Una spinta efficace è venuta pure dalla “guerra delle spie”, dopo l’esecuzione al veleno della spia Sergej Skripal e la reciproca espulsione dei diplomatici tra Russia e Gran Bretagna. L’episodio, un classico della Guerra fredda, ha esaltato proprio la groza, la capacità di Putin di rispedire al mittente le aggressioni e punire i traditori, come faceva lo zar Ivan e il generalissimo Stalin, sul cui profilo si sta sempre più conformando l’attuale leader. La popolarità di Putin, infatti, va di pari passo con la riabilitazione del dittatore georgiano, a cui buona parte della popolazione giustifica perfino le vittime dei lager: figuriamoci l’eliminazione delle spie fuggite in Gran Bretagna.

Il contributo della Chiesa ortodossa e di Kirill

Nonostante tutte queste favorevoli congiunture, la campagna presidenziale ha visto un grande impegno dell’amministrazione statale, e della Chiesa Ortodossa, per convincere i russi ad andare a votare, raggiungendo un’affluenza del 67% e superando il 65% del 2012; una diminuzione avrebbe lasciato l’amaro in bocca alla trionfale affermazione del leader ventennale. C’è chi avanza qualche dubbio sull’attendibilità di questo dato, considerando la grande differenza nelle percentuali di votanti ai seggi sprovvisti di osservatori (quasi l’80% di media) e quelli invece presidiati (vicini al 50% di media), ma anche questo è un dato ricorrente alle elezioni russe.

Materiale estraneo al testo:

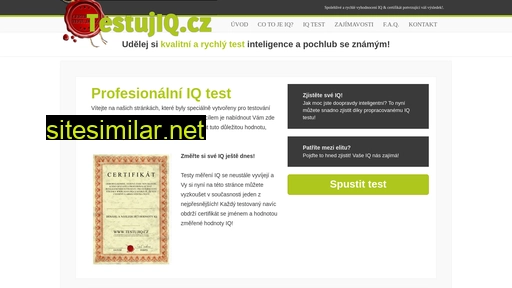 testujiq.cz alternative sites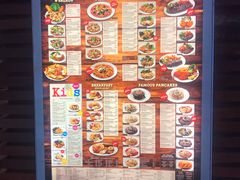 菜单-Pancakes on the rocks(Darling Harbour)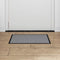 vidaXL - Deurmat - 40x60 - cm - grijs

Gli elettori hanno infine mostrato di non gradire la sostituzione dello storico segretario del Partito comunista con un imprenditore agricolo proveniente dal partito di Putin; i comunisti sono sostenuti in generale dalla parte più anziana e conservatrice della popolazione. Anche i liberali hanno dato una mano al trionfo putiniano, litigando in continuazione tra di loro: negli ultimi giorni la polemica più deleteria si è svolta tra la Sobčak e il “non-candidato” Aleksej Naval’nyj, leader dell’opposizione di piazza che invitava a non andare a votare. La totale incapacità degli avversari di Putin a mobilitare i russi fa quasi pensare a una regia del Cremlino, che a ogni elezione si mostra in grado di creare uno scenario di “competizione democratica” per quella che, in realtà, assomiglia sempre più alla consacrazione dello zar. Il patriarca di Mosca Kirill (Gundjaev) ha subito elargito la sua benedizione, riassumendo i motivi del trionfo: “La vostra convincente vittoria alle elezioni, nelle condizioni di una procedura elettorale aperta e onesta, con un’alta partecipazione degli elettori, testimonia della volontà dei russi di unirsi intorno a Voi, di tutti coloro che appartengono a diverse nazionalità, religioni e confessioni, a diversi gruppi sociali e fasce d’età, e perfino di coloro che hanno diverse idee politiche”. Putin IV, è ormai zar di tutte le Russie.